そこで、防音対策の候補としてヘッドフォンで練習ができるサイレントピアノと電子ピアノの2つの選択肢が挙げられます。これらはヘッドフォンを接続できるため近隣への音漏れや練習する時間帯などを気にしなくても済みます。
ここではサイレントピアノと電子ピアノ、それぞれの特徴と違いについてお話させていただきます。
サイレントピアノと電子ピアノの違いは?
ピアノにはアクションという(車で言うとエンジンにあたる)メカニズムが搭載されています。ピアノは鍵盤を弾く(叩く)ことで、アクションが動き、弦を叩くハンマーを下から突っつき、その反動でハンマーが弦を叩いて音が出ます。
サイレントピアノは、通常のピアノにハンマーの動きを制御し、かわりに鍵盤の動きをセンサーで読み取り、電子の音源を鳴らす装置を取り付けたピアノを指します。
サイレントピアノで音を出す場合はそのピアノの生の音、音を出さない場合は内蔵した電子音源をヘッドフォンを使って聴くことになります。
電子ピアノは、ピアノの音をデジタル化してチップに収めた音源を使用して音を出しています。鍵盤を押すと、そのキーに対応したデータが取り出され、音としてスピーカーから出力される仕組みです。
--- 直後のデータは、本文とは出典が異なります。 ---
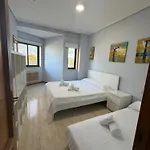 Apartament Samil 1g Vigo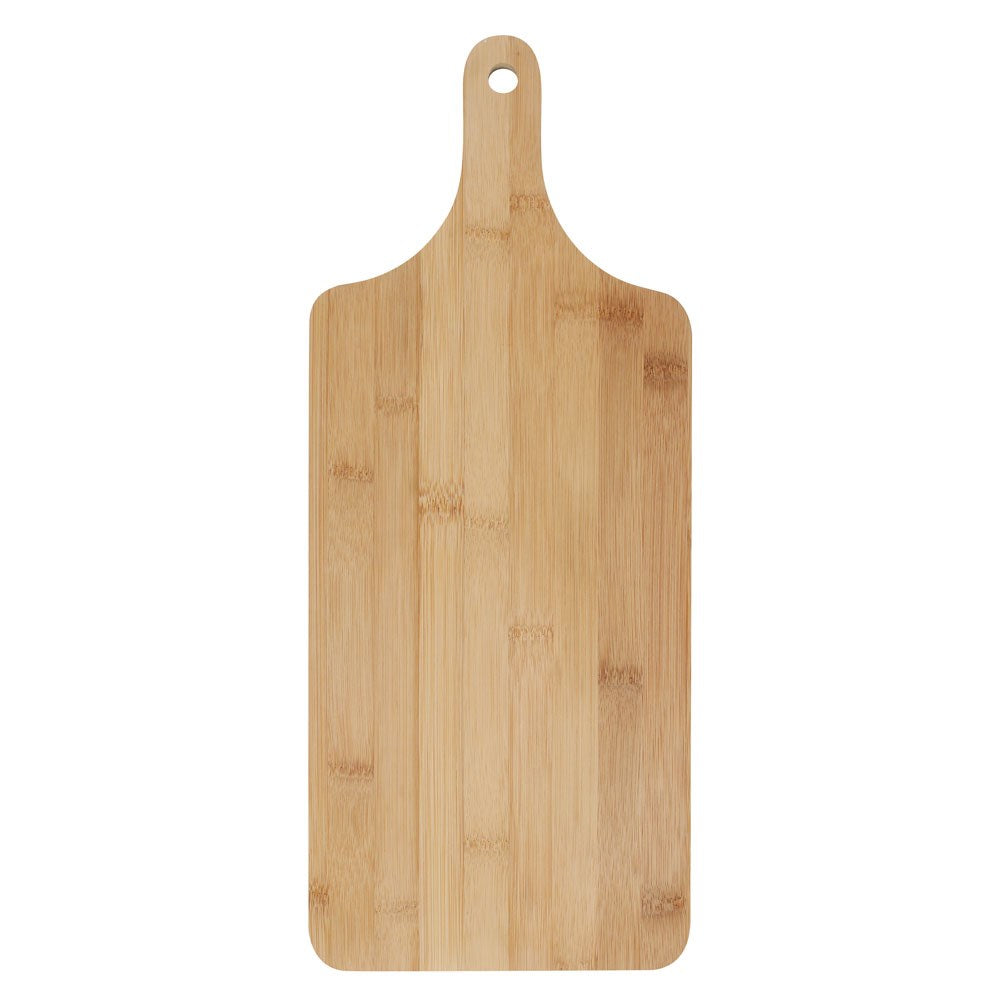 Healing Herbs Wooden Chopping Board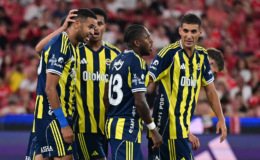 Ada'dan En-Nesyri'ye rekor teklif hazırlığı!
2つの構造的な大きな違いは、サイレントピアノには弦やハンマーがあり、電子ピアノにはないという点です。この違いから、サイレントピアノは、本物のピアノを弾くときの様にハンマーの動きを感じられるタッチ感を得られます。
サイレントピアノと電子ピアノとの上達度の違いは?
タッチの音の表現に違いが出てしまう
ピアノの上達には、さまざまな要素が含まれています。その中のひとつとしてタッチの表現があります。
普段電子ピアノを弾いているお子さんによく見られますが、家では弾けるのにレッスンで本物のピアノを弾くとしっかり音が出せないということがあります。
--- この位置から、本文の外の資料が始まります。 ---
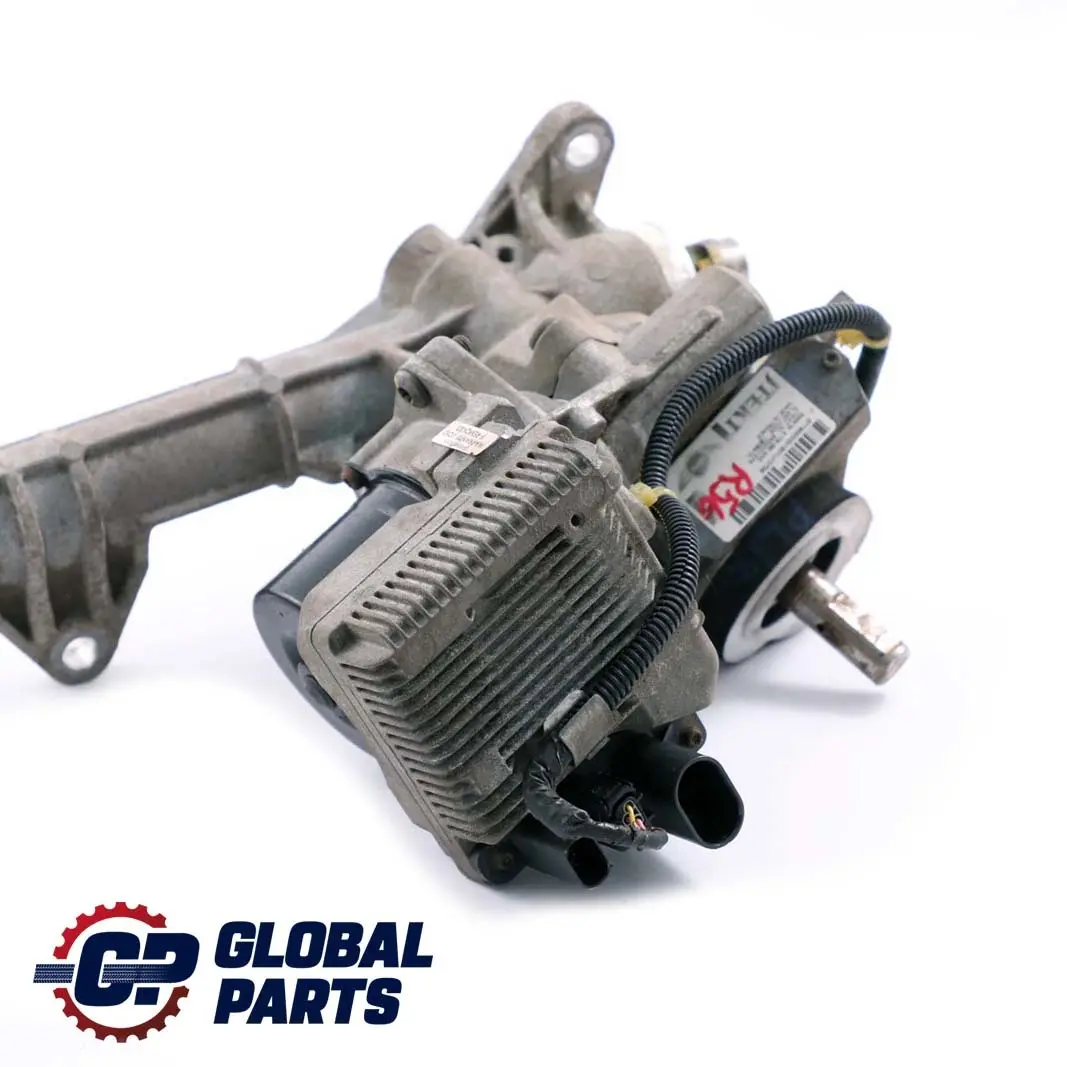 Steering Rack to Mini Cooper One R55 R56 R57 R58 R59 Electric Power with Part number 6778550 Mini Cooper One R55 R56 R57 R58 R59 Electric Power Steering Rack - SKU rhd-6778550 - Part number 6778550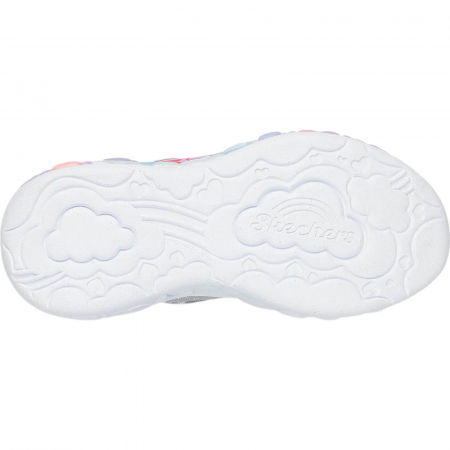 Skechers Eternal Heart Lights - Ton Of Love - 302697L-SMLT [4]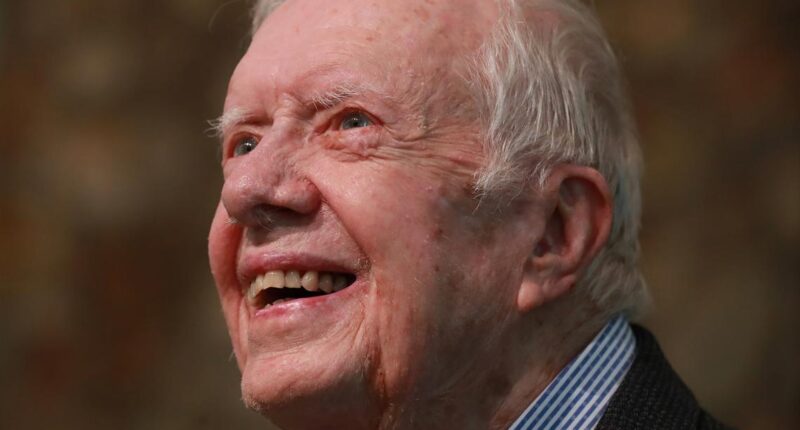 Notable quotes by Jimmy Carter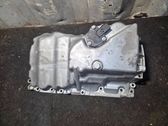 Oil sump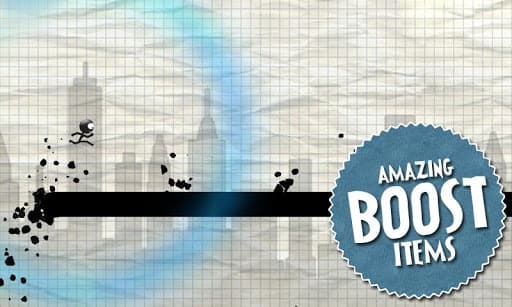 Line Runner 2 (Free) screenshot 4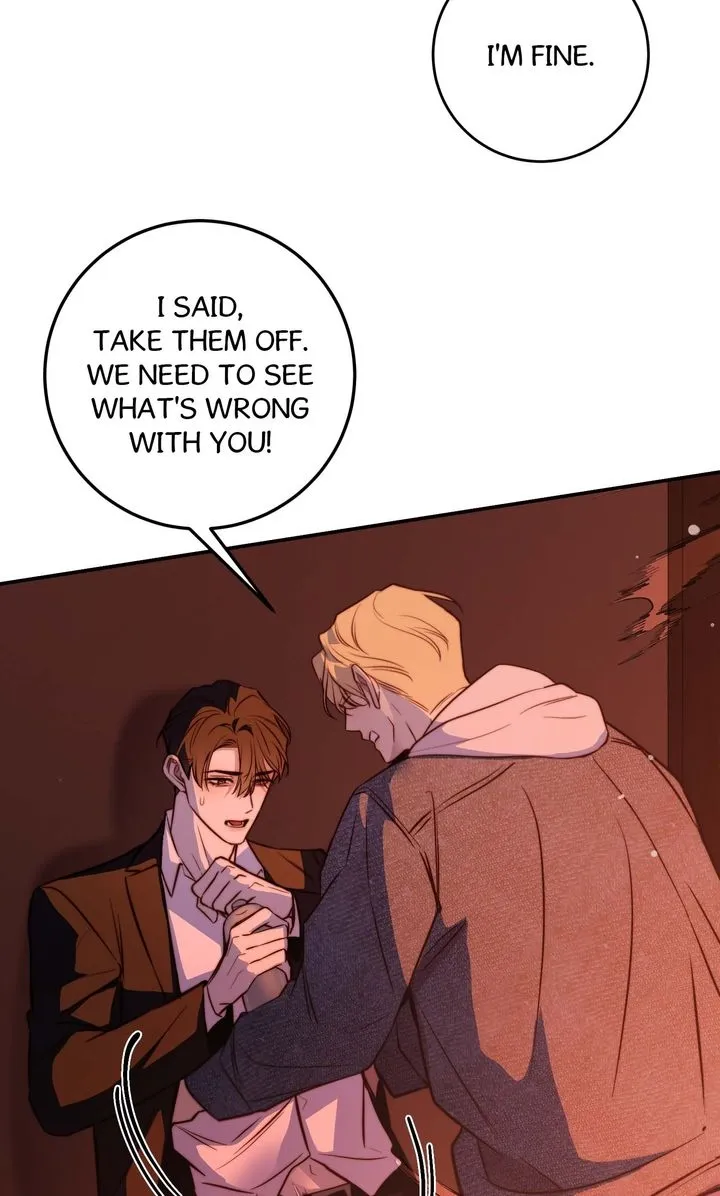 Read Stay Alive chapter 32 image 44 on Lezhin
この理由は、電子ピアノとアコースティックピアノのタッチの違いにあります。違いが出る理由は上述した通り、弦やハンマーの有無による構造の違いにあります。
電子ピアノは言ってみれば触るだけで音が出ますが、アコースティックピアノは、それだけでは音は出せません。ハンマーでピアノ線を打弦する感覚を身につけておかなければ、ピアノでしっかりと音を出すことは難しく、ピアノ特有の細かい表現ができないのです。特にスタッカートの表現などは顕著に違いが出ます。
そのため、表現力の高いピアノの技術を身に付けるためには、ハンマーの動きを感じることができるサイレントピアノを選ぶ方がよいでしょう。
サイレントを取り付けするお店選びが重要
ピアノにサイレントを取り付ける場合、ピアノの本来の調整を変更しなければならないため、サイレントを付ける前と付けた後ではタッチが変わってしまいます。
できるだけ本来のタッチを損なわないためには、取り付けをするサイレントの装置を慎重に選択することが必要です。
そして、なによりも大切な事は、サイレントを精密に取り付けることができ、取り付け後のピアノの微調整ができるピアノのタッチの調整の知識、ノウハウを持った職人がいるお店を選ぶことです。